No, ‘Kidnap’ Isn’t Just ‘Taken’ With A Woman & The Difference Is Key To Halle Berry
"You took the wrong kid," Halle Berry's character, Karla, passionately declares in the upcoming movie Kidnap. The intense, action-packed movie, out Aug. 4, follows a single mother trying to rescue her son, Frankie, after he gets kidnapped. To some, this might sound similar to Liam Neeson's 2008 movie Taken, but while chatting with Bustle, Halle Berry assures me that Kidnap isn't just a female Taken.
"What makes this movie different is you have a woman, you have a mother who is saving the day, and she does it in her own feminine, everyday mother way," Berry tells me over the phone. "Liam Neeson was this trained assassin. He’s a man. He’s got his sensibilities. And in this you get to see how a woman would save the day, and I think that makes it vastly different."
The 50-year-old actor says that Kidnap and Taken are similar in the way that "many movies are similar to other movies," but she makes the differences clear.
"We look to typically, ‘Dad saves the day.' Like, there’s danger, call dad, but I happen to know that’s not true," Berry says. "Women are often the pillars of their family and they’re the ones who handle so many aspects of family life, and I really feel like if you put a mother’s child in danger, I think there’s no limits to what she would do. Now, she might die trying, but there you go. There’s no limit that she wouldn’t go to try to save her child, and that’s our star of this show, Karla."

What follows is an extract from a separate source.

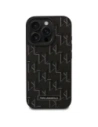 Kup Karl Lagerfeld KLHMP16XPKHPORPK Apple iPhone 16 Pro Max keménytok Bőr Monogram Fém Logó MagSafe fekete - KLD21780 - {ean13} - Sklep Home Screen
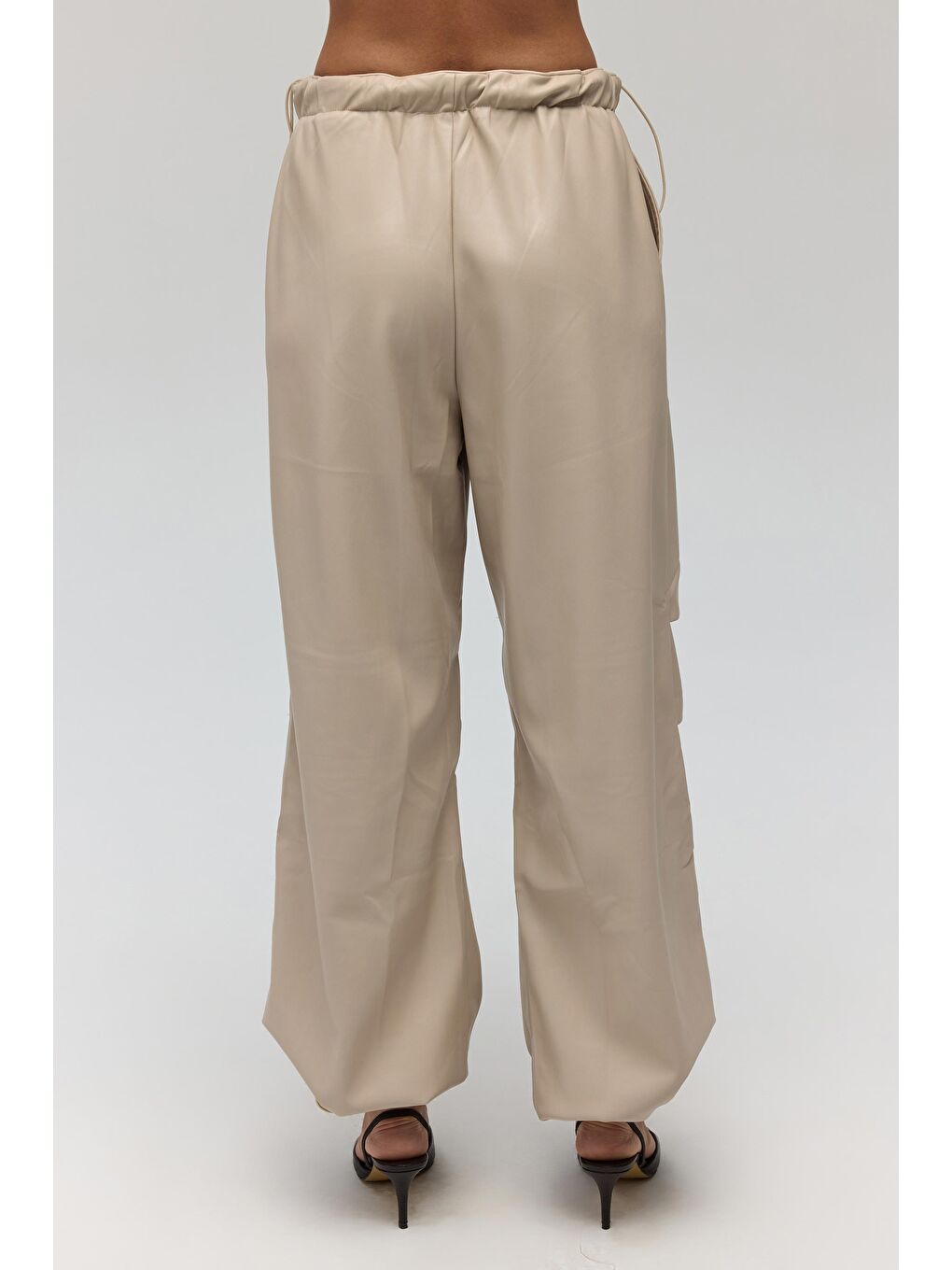 Dion Bej Deri Pantolon-4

Berry recognizes that far too often there are certain limitations put on women, including when it comes to mothers and their capabilities. Just like Neeson demonstrated in Taken as a father who pursued his daughter's kidnappers, audiences will get to see Karla do the same.
As both a woman and a mother of two children, Berry was attracted to Karla for a number of reasons, but the way her character is presented drew her in immensely. From start to finish, Karla endures high-speed car chases (in a mini-van), doesn't avoid blood, cuts, or bruises, and puts herself in risky situations for the sake of her child. "I liked it because the movie sort of signifies female empowerment," Berry says.
Karla's journey affected Berry greatly when she first took a look at the story. "Well, I think as a mom, when I first read this script, it was horrifying," she says. "I mean, my worst nightmare was now written on paper. To think that you could see your child snatched close enough to see them, but too far to do anything about it was just, I think, probably the most frightening thing a parent could experience."
Knowing what it's like to be a mother who would do anything to protect to her children contributed to Berry's performance. "I knew that I would have all the emotions on the ready to create the character, because it’s so real for me."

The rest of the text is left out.